L’apertura della mostra, allestita al piano terra dell’Antica Latteria, sarà preceduta dalla presentazione dell’insigne monumento a cura dello storico dell’arte Gian Vittorio Moro e da un approfondimento sulle pietre utilizzate nella sua costruzione e sull’organizzazione degli approvvigionamenti a cura dell’archeologa e coordinatrice dell’Ecomuseo Elena Poletti.

L’esposizione sarà visitabile fino al 31 agosto nei giorni di giovedì, venerdì, sabato e domenica ore 15-18.

La mostra fotografica “Pietre in viaggio. La Certosa di Pavia”

Una trentina di scatti di Tatiana Ferrario, fotoamatrice e ricercatrice di testimonianze del passato da catturare con l’obiettivo, offre uno sguardo sul complesso della Certosa di Pavia, il monumento che, a partire dal 1396, in seguito a un voto espresso dalla moglie di Gian Galeazzo Visconti, fu costruito come grandiosa celebrazione della dinastia dei duchi di Milano.

Oltre che per la rilevante ricchezza artistica, determinata dall’impiego delle migliori maestranze presenti nel Ducato e attive anche nel Duomo di Milano, la Certosa si propone quale interessantissimo esempio di cantiere costruttivo che, richiedendo ingenti quantitativi di pietra, attinse a diverse zone estrattive, offrendo, soprattutto nella facciata, un campionario litologico policromo dalle provenienze disparate.

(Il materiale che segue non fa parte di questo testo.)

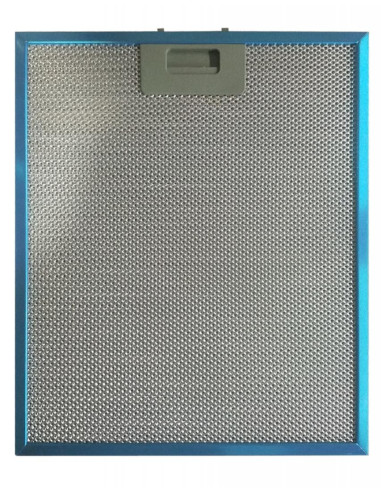 Accesorii FRAM FILTRU DE ALUMINIU FRAM FALF-S400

Le prime aree di approvvigionamento lapideo furono il Verbano con la pietra d’Angera e l’Ossola con i serizzi, il marmo “bastardo”, termine utilizzato nei documenti per indicare la varietà estratta nelle cave di Ornavasso, di cui furono per lo più fornitori gli imprenditori della famiglia Ronchi, e, in misura minore, il marmo di Candoglia acquistato direttamente dalla Fabbrica del Duomo di Milano e trasportato da Milano a Binasco lungo la rete dei navigli.

A partire dal 1473, con l’avvio della costruzione e decorazione della facciata, i monaci certosini con gli architetti Solari, riorganizzarono le forniture rivolgendosi a due diverse aree di cava principali. Da un lato stipularono un contratto pluriennale (rinnovato nel 1492 e protrattosi fino agli inizi del Cinquecento) con Veneranda Fabbrica per l’acquisto di importanti quantitativi di marmo di Candoglia, destinato al rivestimento. In questa nuova fase le forniture presero a percorrere una via diretta per Pavia tramite il Ticino, senza la tappa intermedia a Milano.

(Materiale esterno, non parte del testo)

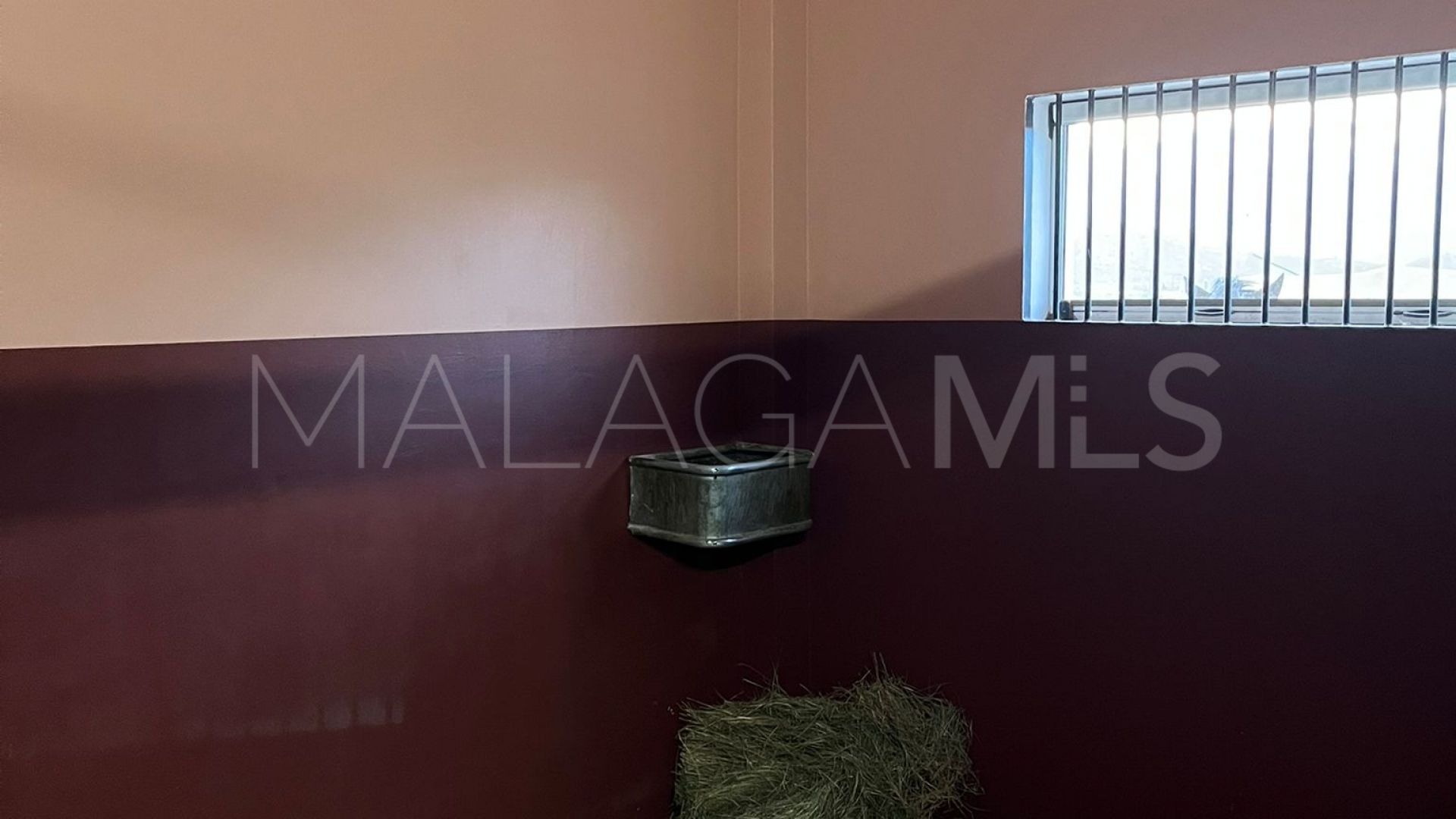 Finca for sale in Coin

Accanto al marmo ossolano la committenza e le maestranze optarono per il più pregiato marmo di Carrara per la statuaria, instaurando rapporti commerciali con vari imprenditori e cavatori apuani e intermediari genovesi o lombardi. In questa fornitura, unica in area padana per quantità di materiale acquistato, il materiale lapideo giungeva dalle coste tirreniche circumnavigando l’Italia fino a Venezia e, da qui, prendendo la via fluviale del Po e del Ticino.

Oltre a queste principali varietà, nella facciata furono utilizzati per alcuni dettagli i marmi neri di Saltrio (presso Viggiù VA) e di Varenna (lago di Como) e porfidi rossi e verdi di provenienza greca, tratti dallo spoglio di monumenti d’età romana.

La rassegna di pietre provenienti dai nostri laghi è completata dalla serpentinite nera di Oira, che fu utilizzata agli inizi del novecento per i restauri, in sostituzione del marmo nero di Saltrio, poiché più duratura. La scelta di questo poco noto giacimento sito sul lago d’Orta nell’omonima frazione a lago di Nonio si deve all’architetto di origine omegnese Luca Beltrami che diresse i lavori.